» Brief descriptive captions

########################################

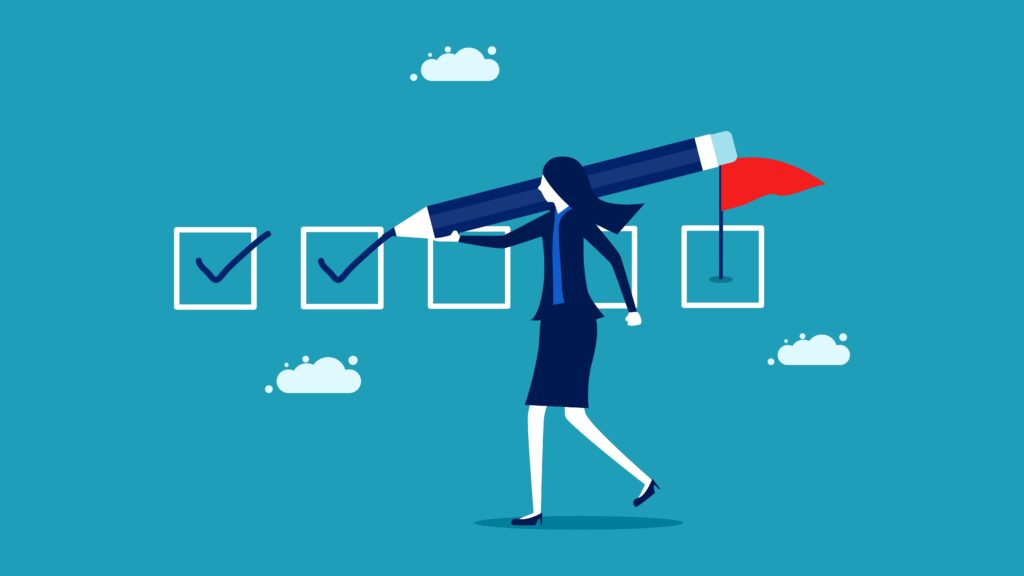 businesswoman,pursues,goals.,completed,tasks,or,project,progress,checklists businesswoman,pursues,goals.,completed,tasks,or,project,progress,checklists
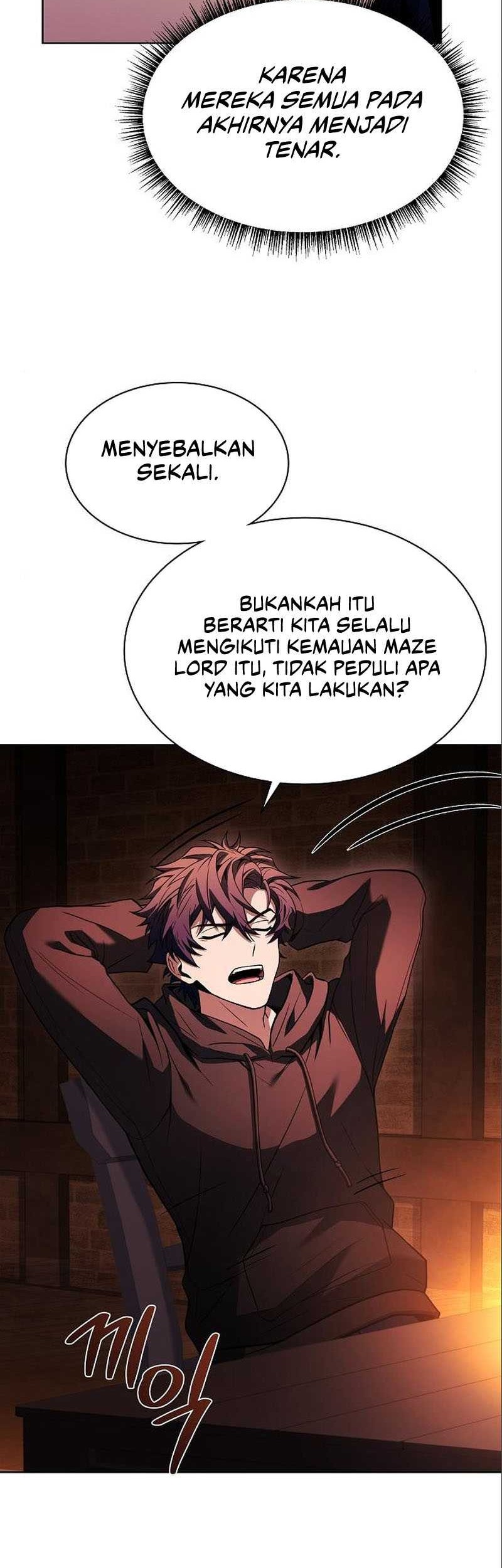 The Constellations Are My Disciples Chapter 45 - halaman 21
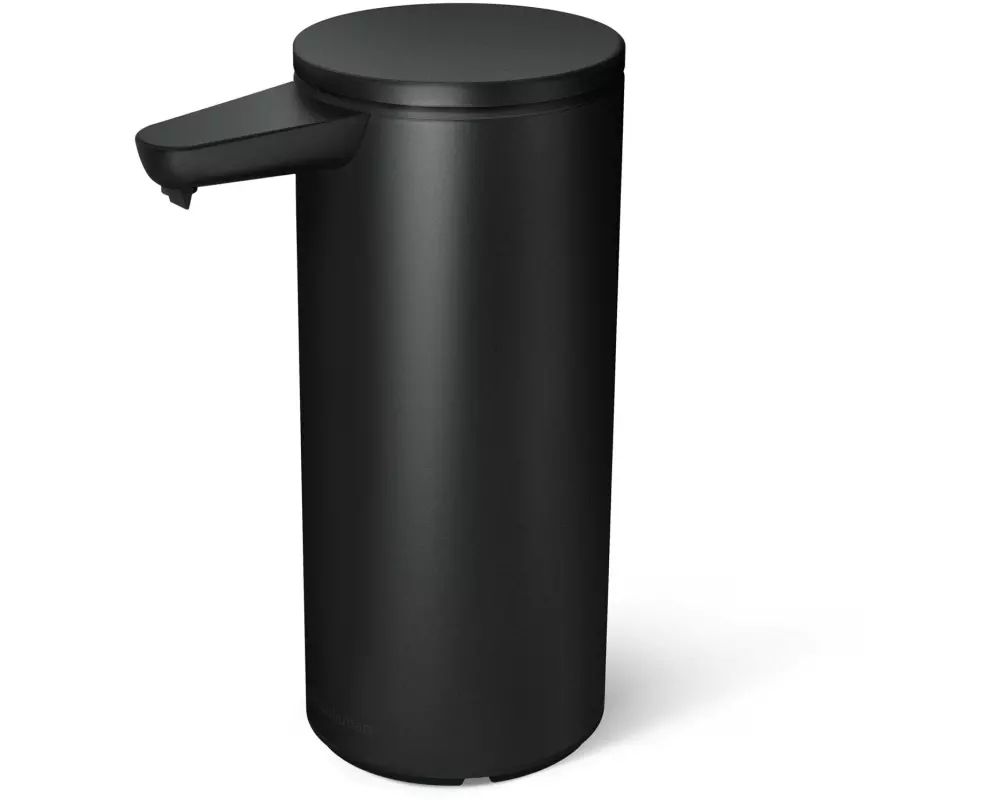 Simplehuman Sensorspender 414 ml, Schwarz matt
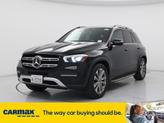 Thumbnail of 2021 Black Mercedes-Benz GLE 350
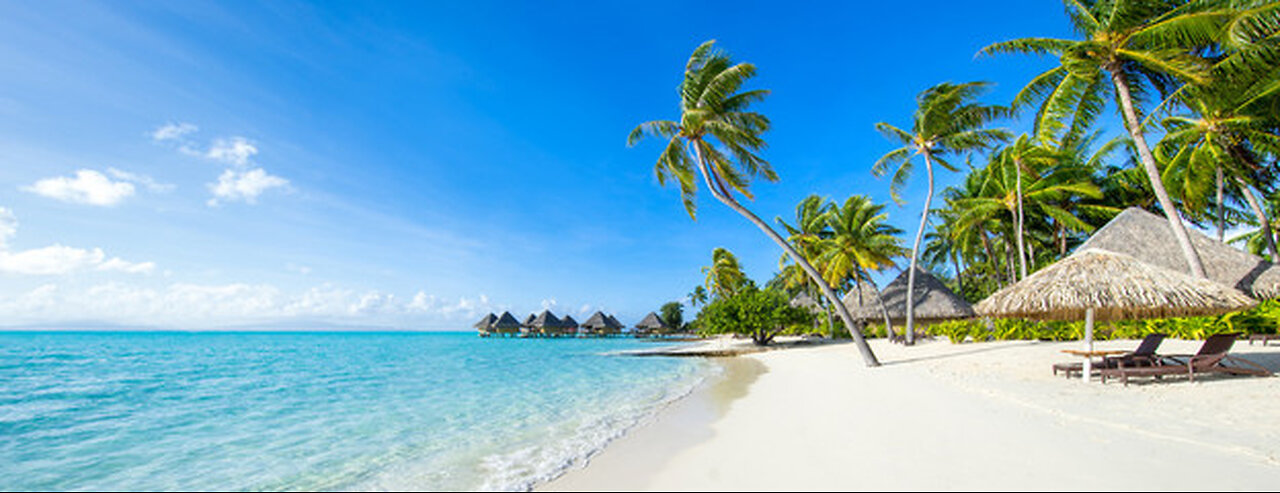 Island Life-epic Fijian Music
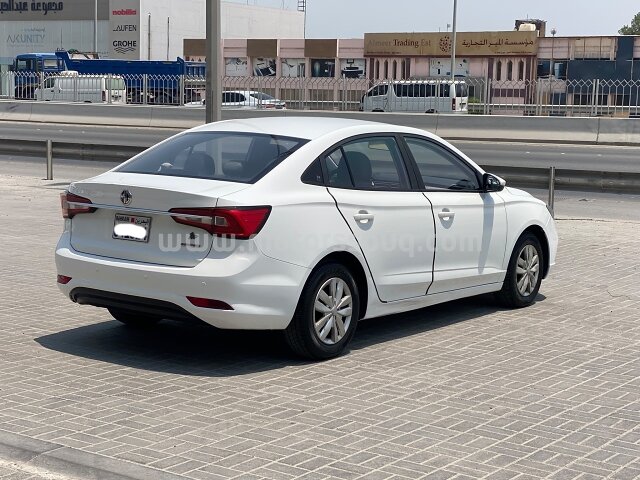 2020 MG 5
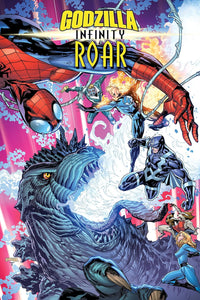 Godzilla: Infinity Roar tp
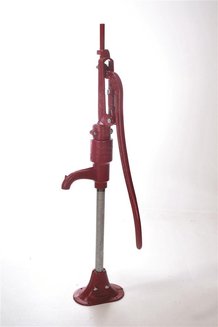 Large-Capacity Windmill Head Pump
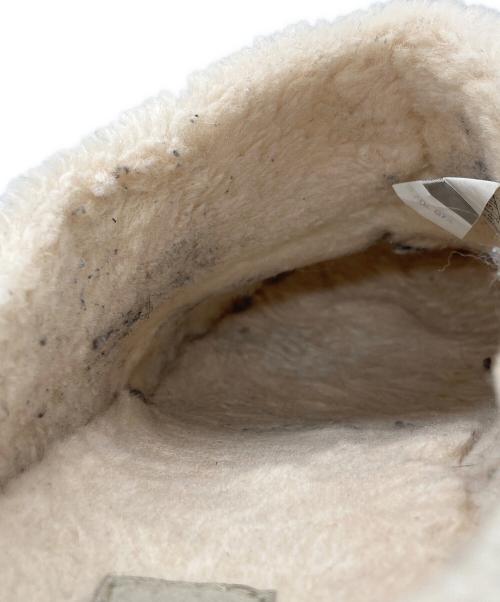 UGG（アグ）UGG (アグ) ニュー ハイツ コージークロッグ / NEW HEIGHTS COZY CLOG ベージュ サイズ:25の古着・服飾アイテム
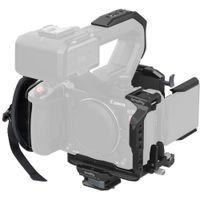 SmallRig Cage Kit Avanzado para Canon EOS C50 con Placas de Liberación Rápida Arca-Type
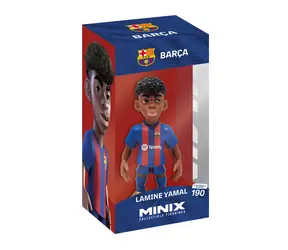 Minix Fußball: Club FC Barcelona - LAMINE YAMAL
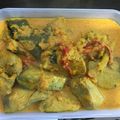 Cooksnap dari Amitha Rosalia untuk resep Ikan tongkol bumbu kuning ala RM padang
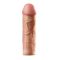 Guaina indossabile realistica fantasy x-tensions mega 2" extension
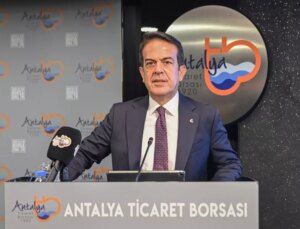 Antalya Ticaret Borsası Yöresel Eserler Fuarı’na hazırlanıyor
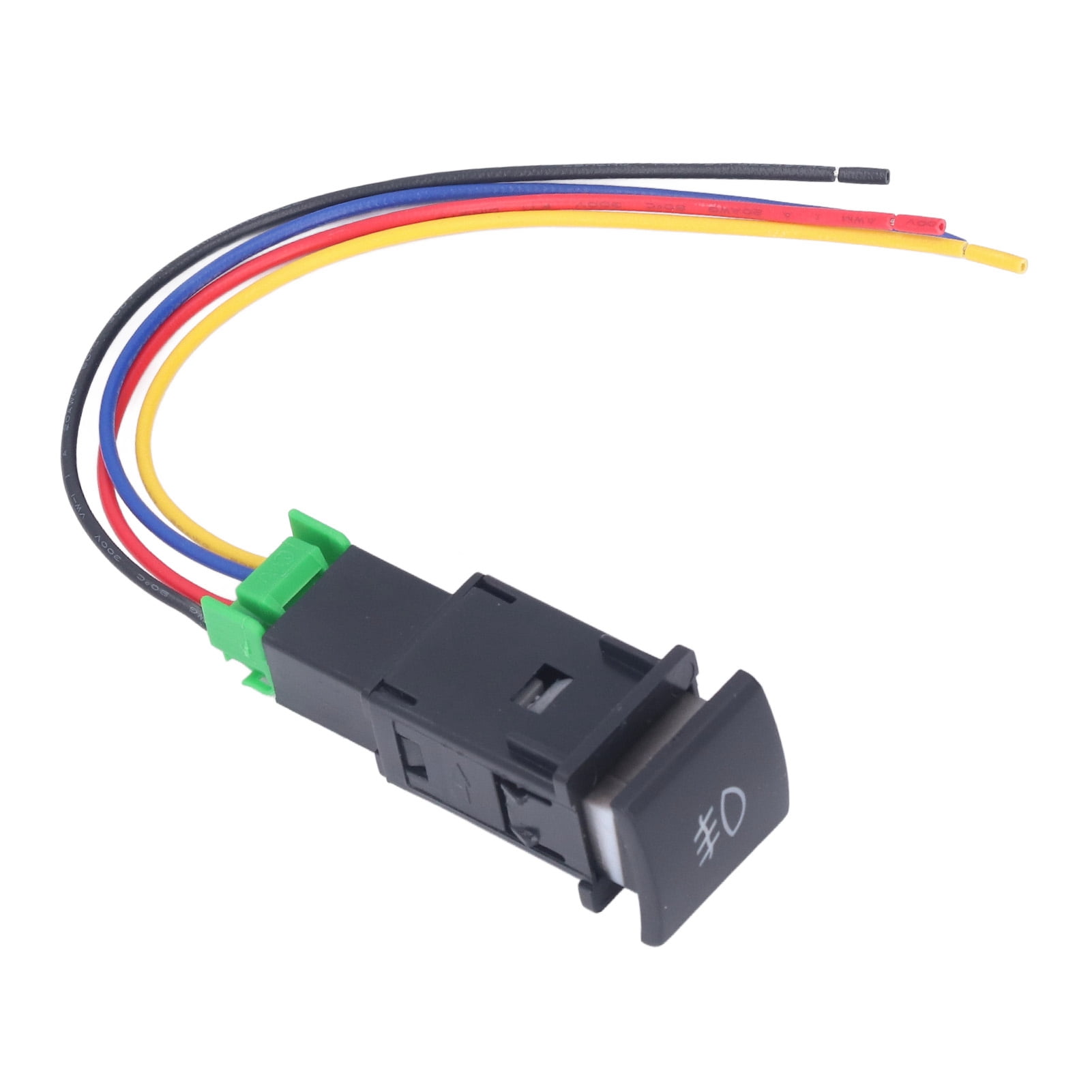 Foglight Switch, Fogs Lamp Harness LED Light ABS For CAMRY 2018ON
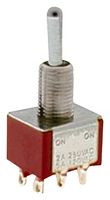 E-SWITCH 100DP1T1B1M1REH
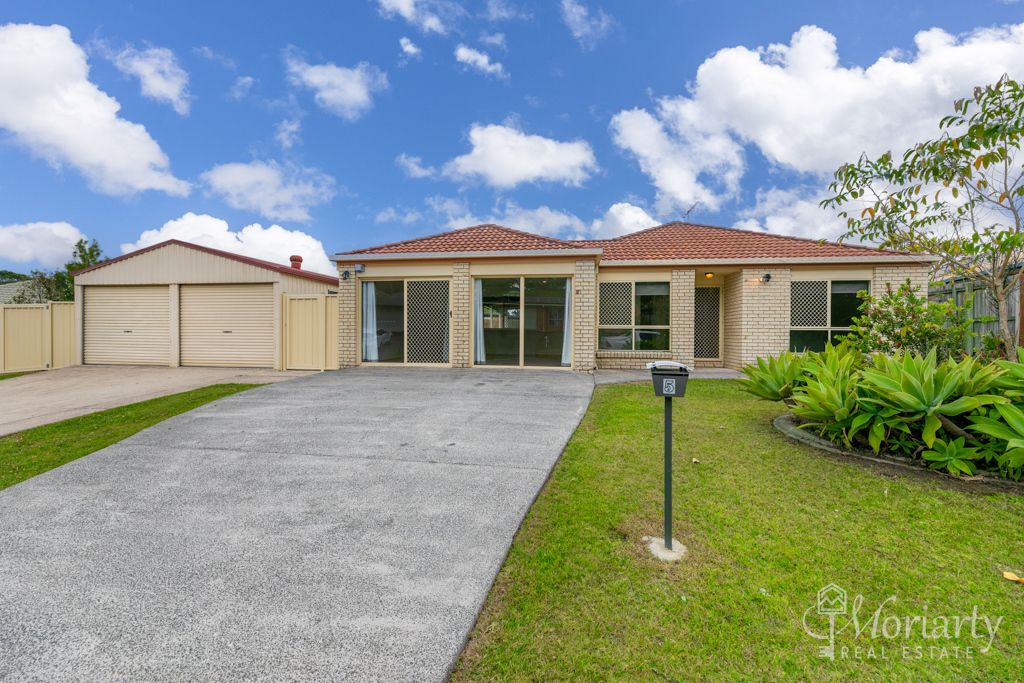 4 bedrooms House in 5 Blaxland Pl NARANGBA QLD, 4504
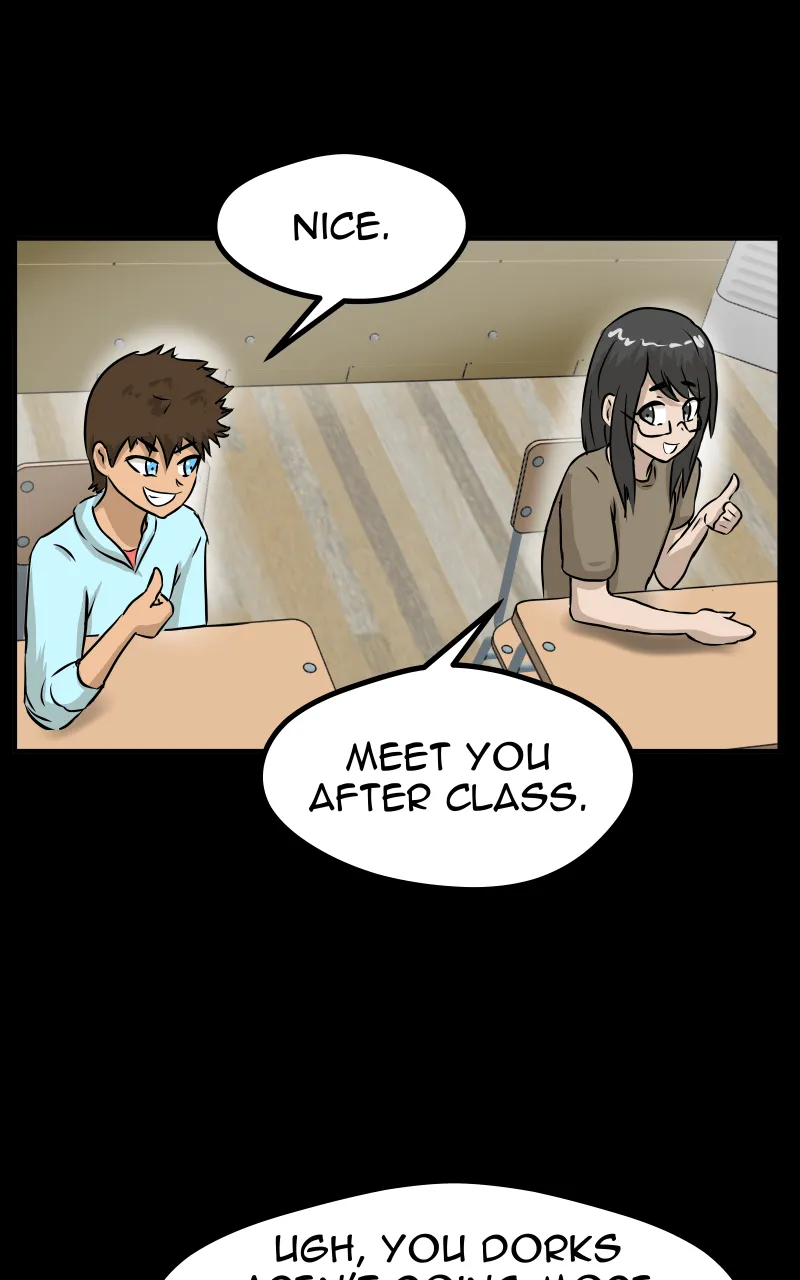 Swolemates Chapter 50 page 21 - 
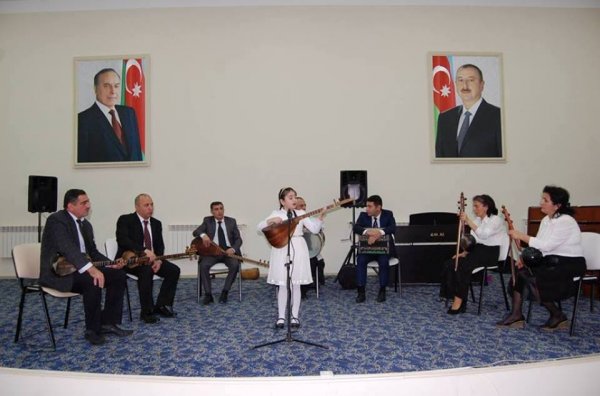  Emin Sabitoğlunun 80 illik yubileyi qeyd olunub - FOTO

########################################

» DESCRIPTION OF THE TASK
Beginning at the line that contains "E-SWITCH 100DP1T1B1M1REH", retype each line of the data above through the very last one. Do not retype the pictures.

» ANSWER FOR THIS EXERCISE
 E-SWITCH 100DP1T1B1M1REH
 4 bedrooms House in 5 Blaxland Pl NARANGBA QLD, 4504
 Swolemates Chapter 50 page 21 - 
  Emin Sabitoğlunun 80 illik yubileyi qeyd olunub - FOTO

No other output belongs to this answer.